The Daily Mail (UK) has reported on a study by Ross McKitrick of the University of Guelph in Canada that, yet again, resurrects the tired old “warming pause” meme. Climate Nexus notes that the study uses methods designed to show no trend; ignores a large body of contradictory scientific evidence; and was published in a journal known to be a “predatory publisher.” McKitrick, a well-known antagonist to mainstream climate scientists, is using bad analysis to reach a pre-determined conclusion.
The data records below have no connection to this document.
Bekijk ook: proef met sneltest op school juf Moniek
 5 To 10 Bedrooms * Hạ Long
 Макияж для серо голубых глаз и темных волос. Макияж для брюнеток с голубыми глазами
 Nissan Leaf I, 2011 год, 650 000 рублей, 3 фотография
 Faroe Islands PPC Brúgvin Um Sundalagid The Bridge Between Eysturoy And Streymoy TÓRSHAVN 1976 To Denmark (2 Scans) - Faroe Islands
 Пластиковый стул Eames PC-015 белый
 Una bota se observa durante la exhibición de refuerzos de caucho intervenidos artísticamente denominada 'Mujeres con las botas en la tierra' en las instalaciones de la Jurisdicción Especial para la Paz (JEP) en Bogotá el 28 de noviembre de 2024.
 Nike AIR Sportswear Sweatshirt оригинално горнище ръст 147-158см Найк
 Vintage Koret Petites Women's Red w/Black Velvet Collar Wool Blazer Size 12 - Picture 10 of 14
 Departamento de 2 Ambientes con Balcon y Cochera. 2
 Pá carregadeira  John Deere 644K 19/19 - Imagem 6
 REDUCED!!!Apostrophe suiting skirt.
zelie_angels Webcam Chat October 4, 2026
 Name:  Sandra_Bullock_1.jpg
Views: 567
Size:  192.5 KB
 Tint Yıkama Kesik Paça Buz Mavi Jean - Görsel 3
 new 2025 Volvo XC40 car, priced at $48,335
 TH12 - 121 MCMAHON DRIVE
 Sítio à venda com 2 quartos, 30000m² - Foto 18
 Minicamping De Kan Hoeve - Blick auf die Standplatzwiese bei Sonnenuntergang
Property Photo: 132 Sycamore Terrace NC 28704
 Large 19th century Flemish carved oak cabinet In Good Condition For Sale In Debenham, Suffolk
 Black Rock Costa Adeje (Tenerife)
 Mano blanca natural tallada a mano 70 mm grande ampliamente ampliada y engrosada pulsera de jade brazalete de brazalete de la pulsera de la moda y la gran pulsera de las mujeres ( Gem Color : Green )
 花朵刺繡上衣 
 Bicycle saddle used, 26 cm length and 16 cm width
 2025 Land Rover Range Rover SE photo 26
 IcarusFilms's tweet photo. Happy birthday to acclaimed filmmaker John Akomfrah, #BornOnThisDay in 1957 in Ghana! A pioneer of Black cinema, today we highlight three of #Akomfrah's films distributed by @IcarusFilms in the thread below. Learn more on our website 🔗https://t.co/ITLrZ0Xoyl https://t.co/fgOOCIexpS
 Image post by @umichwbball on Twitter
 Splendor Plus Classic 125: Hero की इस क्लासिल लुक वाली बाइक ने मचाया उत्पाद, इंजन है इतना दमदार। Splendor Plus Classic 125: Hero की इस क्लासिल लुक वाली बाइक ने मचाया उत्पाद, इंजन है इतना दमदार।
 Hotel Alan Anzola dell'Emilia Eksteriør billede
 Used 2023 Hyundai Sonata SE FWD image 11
The following is a guest post from Climate Nexus (text in PDF format here):
Daily Mail Touts Study Using Biased Methods
to Question Climate Change
The Daily Mail (UK) has reported on a study by Ross McKitrick of the University of Guelph in Canada that, yet again, resurrects the tired old “warming pause” meme. The study looks at the change in average global temperatures over a narrow timeframe. This is problematic in that short-term variability can affect the trend. For example, studies confirm that the oceans are absorbing an increased amount of heat, allowing surface temperatures to level off temporarily. Scientists agree that over the past 50 years, global temperatures have been rising due to human activity, and this rise is projected to continue.
- The study uses methods designed to show no trend.
- The study ignores a large body of contradictory scientific evidence.
- The study was published in a journal known to be a “predatory publisher.”
The study methodology generates trend observations that are not meaningful.
The study is not statistically rigorous, in that it simply uses a single starting point near the present, and works backwards in time to test if the sample period shows a trend. This doesn’t make a lot of sense as a way to test the accuracy of climate models, which are built to function on far longer timescales. It also isn’t even an effective way to prove a lack of trend. For example, the trend for the period McKitrick highlights is not quite statistically significant, but the confidence interval shows it is equally likely to be 0.19ºC of warming per decade, as it is to be 0ºC. That’s not the same as proving no trend.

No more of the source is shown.